6.867. Life’s Big Little Choices

I find myself in the unenviable position of trying to design a post-parent life while still raising two kids and having two others who simply will not leave home on their own. It is a difficult path to navigate, because my partner has been parenting for 23 years and she deserves a damn break. She is long past the inconsistency of children and the often random needs that arrive on a daily basis. I, on the other hand, feel like I am supposed to be down in the dirt with these last two (13 and 15) for a few more years. Ultimately I believe it comes down to a state of mind in which I personally need to recognize that the role I am filling as a parent right now is not helping anyone and is, in truth, holding everyone back.

Post-child life is supposed to be a clear path, but I can’t sleep half the time because my mind wanders into this minefield. To begin, I am really largely a sports dad. My role has been to help the kids become very good student-athletes and specifically to nurture the athlete side of the equation. In the early years I helped them explore their passions–all of their passions. Now I mostly make sure they are getting good grades and are staying up on their training. Otherwise I keep them stocked with video games, have the occasional real conversation about life, and make sure they get delivered to school, practice, etc. Is that parenting? In a sense. Would it be better for me to just leave and have a relationship where they visit on holidays? Well, no, because that would detract from their sports life. The problem with sports is that the sports don’t end. Winter, Spring, Summer, Fall… all of it is in-season or off-season training. Kids today get a few weeks off as the expectation is that they will be available for practice and those who are there on the field are the ones who get ahead, so I’ve set them up to need to be there. Unfortunately for me that means not being with me should I move away. So, that remains an obstacle in developing a post-parent life of a particular sort.

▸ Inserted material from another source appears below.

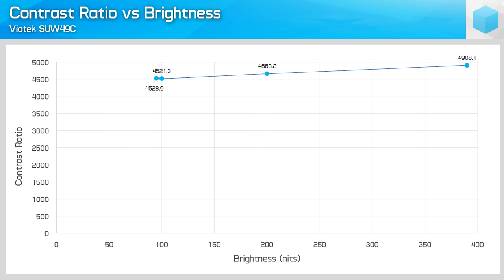However, there is a bit of fall-off to contrast when lowering the brightness. At maximum brightness, we're looking at over 4,900 to 1, but at a more comfortable 200 nits, we're down to 4,663 to 1. That sort of fall-off isn't ideal, but at least the overall contrast ratio is still very strong.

The path is further muddied by having kids who still live at home. My partner and I disagree on this. For me, however, having kids at home means having a home dominated by kids and constantly cleaning up after kids and orbiting their universe. Whereas if we had our own home and they had their kid-house it would change the way I see the living conditions. We would have our own space and our own privacy and our own life and we could drop in on them at our choosing. Is that parenting? It is a version of what I am doing now, so there is that.

6.866. A Handful of Thoughts

On to it then….

  1. The limited amount of viable games on the current gen of stand alone VR argues that it has not hit market cap. The system is nascent still and needs more providers developing solid content. I cannot get half the stuff on Oculus I can get on Playstation. Yet I can get most of what I get on Oculus on PS. The lack of an Iron man game on Oculus is a real miss. Instead I get Tony Stark’s Lab… junk.
  2. That being said, I do enjoy VR immensely and expect to spend more time in virtual space this summer. It will be even better once I figure out how to do Rift games on the Quest 2.
  3. Sports are strange. So much so that it outwardly looks rigged. Teams exchanging home blowouts in the playoffs is… odd.
  4. Something else that is odd: The term Gotham was coined re: New York by Washington Irving in a rag he wrote up called the Salmagundi. The name stuck. It took a while. It took the Batman references of the 40’s to make it stick, but it stuck.
  5. I find odd stuff when I am researching for a project.
  6. I ought to research more. Perhaps the best part of college (and definitely the best part of working at the Library) was finding interesting things.